VANDER MEULEN: Yeah, you mentioned that you believe that there’s no better solution than the two-state solution, and I’m wondering if you could just outline maybe a couple of reasons for dismissing the possibility of the one-state solution.

BLACKWILL: Phil, why don’t you take it away?

GORDON: I’ll start with that, sure. We just don’t imagine, given the demographics of the situation and the Palestinian aspiration for statehood and sovereignty and dignity and freedom of movement, a scenario in which you have a greater Israeli with a majority Arab Palestinian population in one area, dominant in the West Bank, and a Jewish majority population on the other wide somehow fusing into one state, just because if it becomes a—you know, if it’s a democratic state and everybody is enfranchised and gets a vote, can you really imagine, you know, a majority government treating and tolerating the minority population well given the deep and profound differences they have over territory, law, and everything else? So you would have to presumably make a choice between a democratic country where the minority would live in fear of domination at the governmental level if there was, you know, one vote per person, or a nondemocratic country.

And that’s—you know, for some—people, there’s different versions of one-state solution. For the Palestinians who support it, they basically support it because they say, well, ultimately they’ll have a majority, and then it will be a Palestinian state with a Jewish minority and then they can rule their land. It doesn’t appear to us that that would work out very well. And then there’s an Israeli version of one-state solution, but that is a greater Israel, where Israel is a Jewish state, and it seems the only way it could be maintained would be a nondemocratic and illiberal Israel, where the Palestinian population wouldn’t have a full voice.

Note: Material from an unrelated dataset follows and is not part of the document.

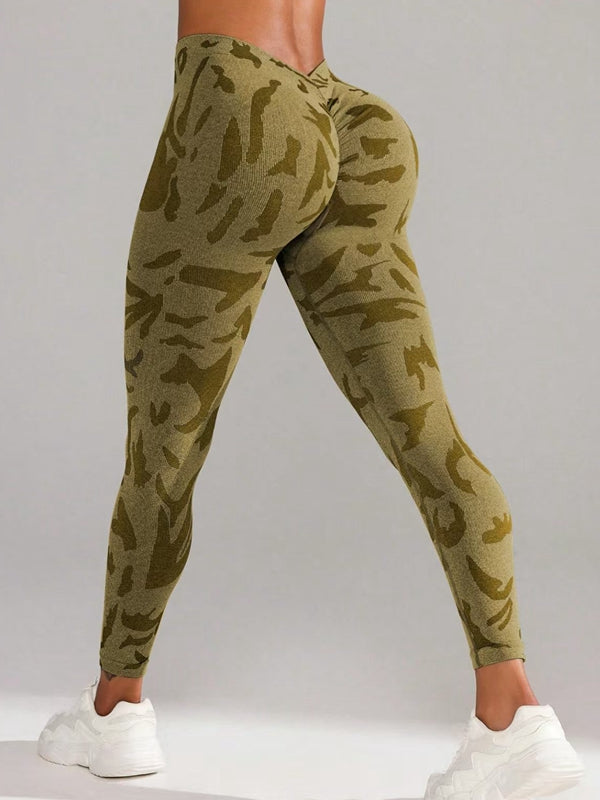 ZASUWA Female Sexy Camouflage Deep V Back Scrunch Bum Leggings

So, you know, as Bob mentioned, we’ve—because a two-state solution doesn’t seem around the corner and there are enormous obstacles to it, we all need to be open to all sorts of possibilities, and we have thought them through, but have yet to hear a case for a one-state solution that would lead to stability and security and the preservation of Israel as a democratic and Jewish state, which has been a U.S. interest for a long time. So, you know, if someone can come up with one, it is worthy of debate. But we don’t see it, and therefore think that where U.S. policy has been for more two decades, which is trying to produce a democratic and secure Jewish state of Israel living side by side and in peace with a sovereign Palestinian state, remains the most viable and most necessary outcome.

FASKIANOS: Bob, any closing words?

BLACKWILL: No, except thanks, everybody, for participating.

FASKIANOS: Well, I—yes.

GORDON: Yeah, thanks, everybody.

FASKIANOS: And thanks to both of you, to Ambassador Robert Blackwill and Dr. Philip Gordon, for sharing your report with us and your analysis. We appreciate it. Thanks to all of you for your excellent questions and comments. We encourage you to visit CFR’s website regularly at CFR.org and also follow our Religion and Foreign Policy Initiative on Twitter, @CFR_Religion, about upcoming events and information about the latest CFR resources. So thank you all again. We look forward to your participation in future conversations, and I wish you a very happy holiday season.

GORDON: Thanks, Irina. Thanks, everybody.

BLACKWILL: Thanks, everybody. Bye-bye.